The difference between Islam and Christianity is that Islam does not allow any division of God into “persons.” With the Christian Trinity, our spiritual eye is no longer focused solely on One God, as in Judaism, but is now split up into three separate points of focus, with different levels of attention, honor and authority given to each “person” in the Trinity. Different levels of sanctity and respect are also indicated – the Holy Spirit being the only “person” of the Trinity you cannot blaspheme or you will never be forgiven.
This also clearly shows that the Trinity is three separate entities and not “three-in-one” because if they were really “one” you could blaspheme the Holy Spirit and be condemned for it, but Jesus and God (being blasphemed at the same time because they are all still “one” indivisible God) would forgive you because it’s OK to blaspheme them. Assuming each “person” in the Trinity has an equal vote in dispensing judgment, the ruling would be 2-to-1 in your favor.

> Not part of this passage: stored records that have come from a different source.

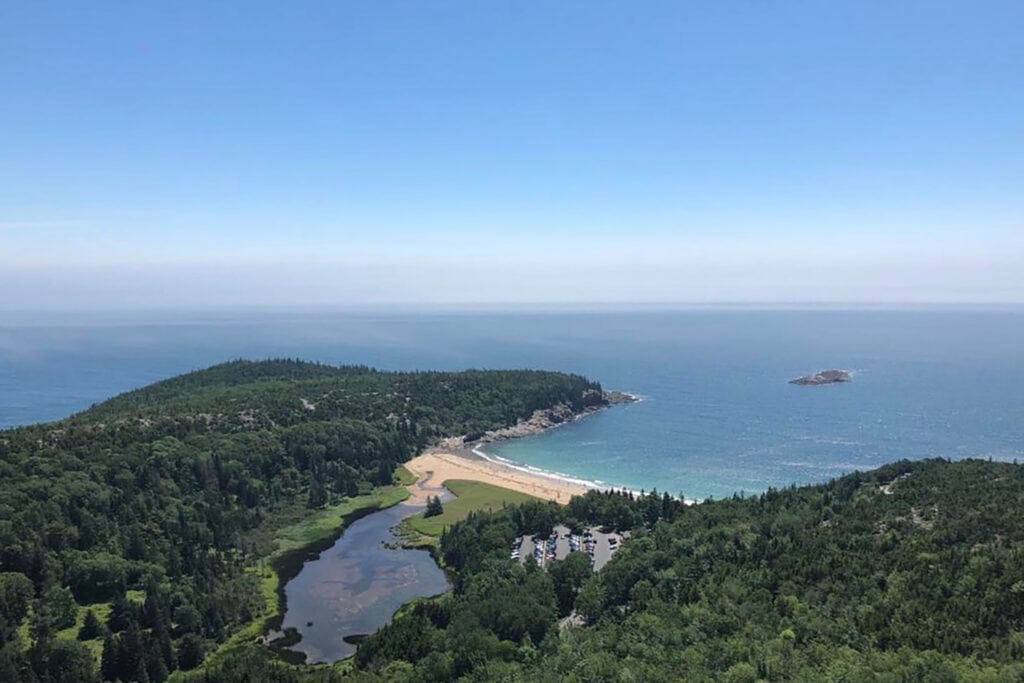 Best Hikes in Acadia National Park + Tips A view of the blue ocean from the beehive trail in Acadia national park.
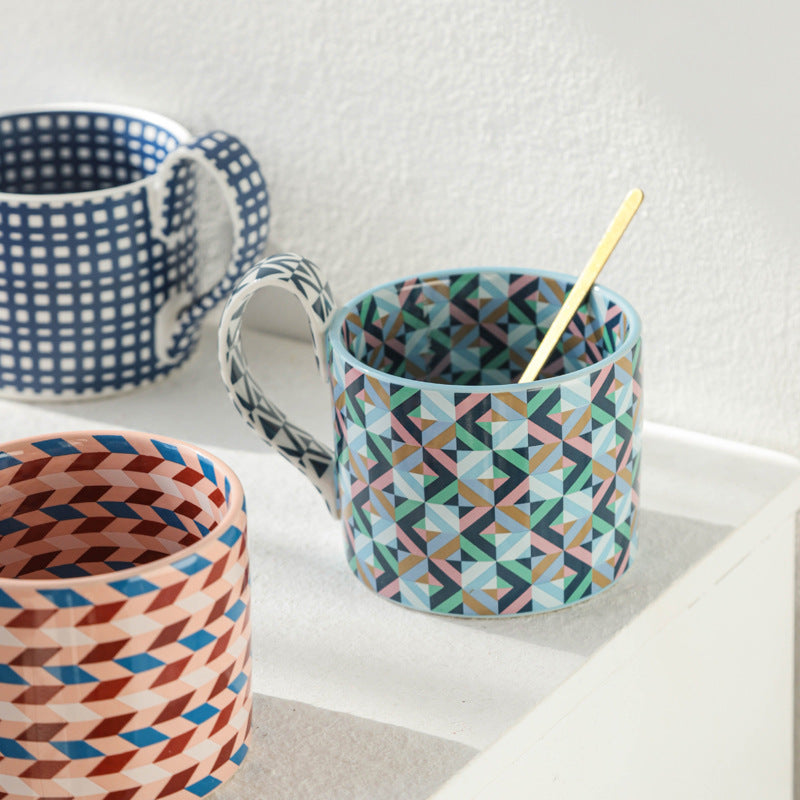 Large capacity ceramic cup with geometric checkered pattern.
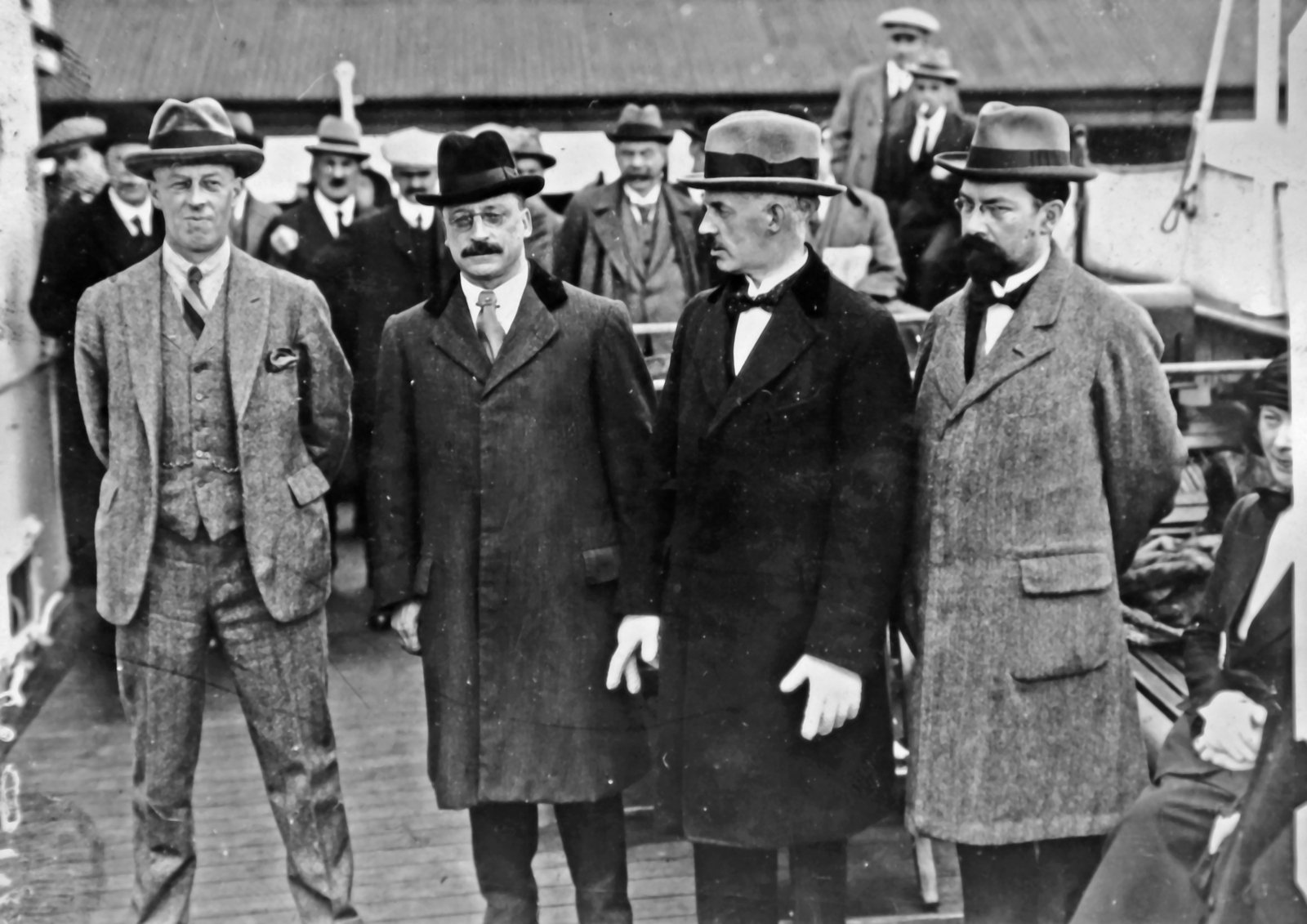 Image - Four of the delegates before setting off from Kingstown/Dún Laoghaire: Bardon, Griffith, Duggan and Duffy. Collins took great care NOT to be included in these group photographs, to the puzzlement of the Press. (Credit: Getty Images)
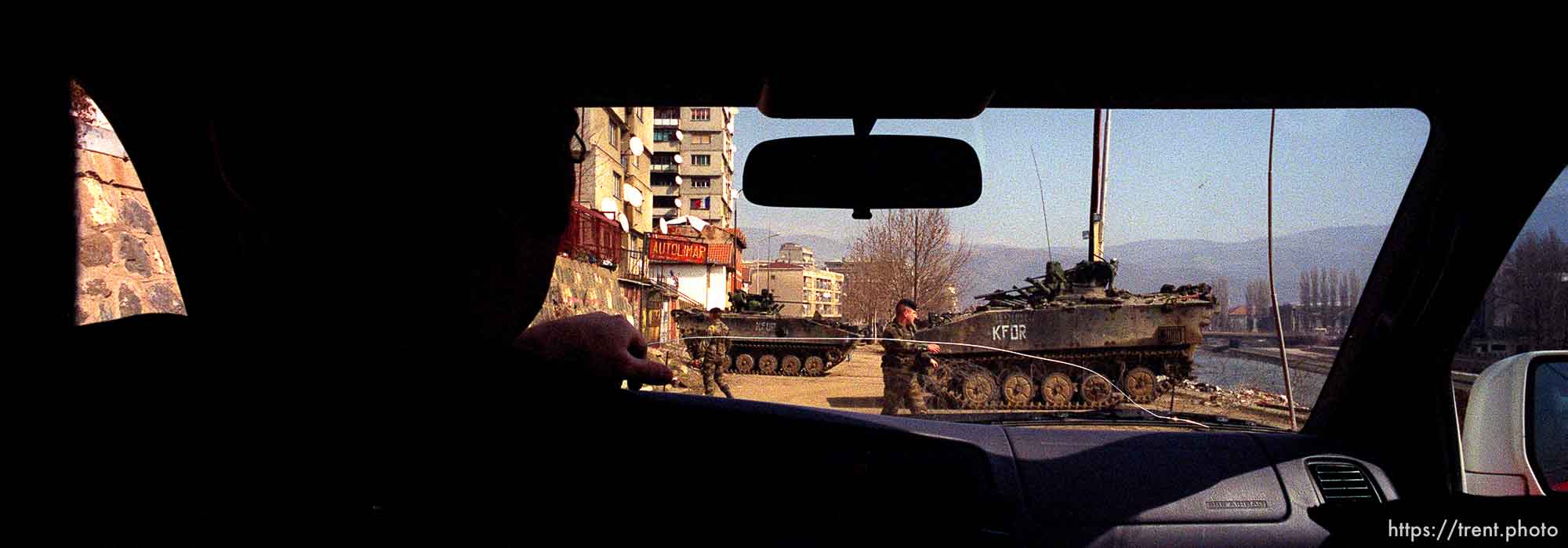 UNMIK police officer Zane Smith driving through a KFOR checkpoint in north Mitrovica.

In any court of law that would mean you were pardoned.
But to never be forgiven for blaspheming the Holy Spirit would require the Holy Spirit to be the supreme arbiter in God’s court, greater than Jesus and the Father (the Chief Justice as it were) with an overriding veto of any respective votes of forgiveness by Jesus and the Father – forgiveness you are promised by Jesus in Matt.12:31, Mark 3:28-29 and Luke 12:10. (That, my friends, is a Kangaroo court and not a true heavenly court of real justice.)
In standard Christianity, Jesus is the central focal point – he is the fulcrum upon which mankind’s salvation is leveraged by his death and resurrection. Jesus is also given all power to rule, judge and forgive sins, and he is even given credit for creating the Universe along with God the Father. Salvation is now obtained in Christianity only by believing in the death, atonement and resurrection of Jesus, whereas Judaism and Islam both affirm that God does not share sovereignty or power with anyone; that He alone is the sole Creator of everything; that He alone is the Master on the Day of Judgment; that He alone is the only means of salvation; and that He alone has all power to show mercy and forgive us for our sins.